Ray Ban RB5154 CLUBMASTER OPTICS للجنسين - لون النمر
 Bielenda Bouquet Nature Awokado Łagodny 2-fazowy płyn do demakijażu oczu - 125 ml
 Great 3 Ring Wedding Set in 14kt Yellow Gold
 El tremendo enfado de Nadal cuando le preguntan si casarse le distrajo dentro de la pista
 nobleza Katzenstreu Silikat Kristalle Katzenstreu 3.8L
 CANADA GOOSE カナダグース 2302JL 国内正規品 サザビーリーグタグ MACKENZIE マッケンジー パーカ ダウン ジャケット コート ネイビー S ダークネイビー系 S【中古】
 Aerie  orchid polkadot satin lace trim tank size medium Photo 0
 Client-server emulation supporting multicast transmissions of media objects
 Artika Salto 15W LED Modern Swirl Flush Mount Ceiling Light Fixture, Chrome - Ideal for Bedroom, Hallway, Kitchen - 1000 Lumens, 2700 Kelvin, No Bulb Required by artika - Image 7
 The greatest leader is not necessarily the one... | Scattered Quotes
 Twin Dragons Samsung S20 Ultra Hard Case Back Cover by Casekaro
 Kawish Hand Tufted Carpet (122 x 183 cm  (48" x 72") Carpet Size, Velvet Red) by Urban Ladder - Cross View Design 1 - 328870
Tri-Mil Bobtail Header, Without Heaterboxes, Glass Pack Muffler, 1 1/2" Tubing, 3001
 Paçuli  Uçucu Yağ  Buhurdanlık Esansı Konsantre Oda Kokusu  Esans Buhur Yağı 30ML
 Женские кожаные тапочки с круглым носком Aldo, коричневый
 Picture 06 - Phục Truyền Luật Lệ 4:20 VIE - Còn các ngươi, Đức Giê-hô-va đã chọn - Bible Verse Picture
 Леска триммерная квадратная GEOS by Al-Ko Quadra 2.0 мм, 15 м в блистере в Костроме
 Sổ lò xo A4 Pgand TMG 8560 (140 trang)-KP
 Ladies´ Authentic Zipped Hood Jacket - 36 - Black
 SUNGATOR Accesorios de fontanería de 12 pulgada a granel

════════════════════

» PROMPT:
Starting at the line with "Леска триммерная квадратная", print each remaining line of the listing above exactly as it appears.

» RESPONSE AREA:
 Леска триммерная квадратная GEOS by Al-Ko Quadra 2.0 мм, 15 м в блистере в Костроме
 Sổ lò xo A4 Pgand TMG 8560 (140 trang)-KP
 Ladies´ Authentic Zipped Hood Jacket - 36 - Black
 SUNGATOR Accesorios de fontanería de 12 pulgada a granel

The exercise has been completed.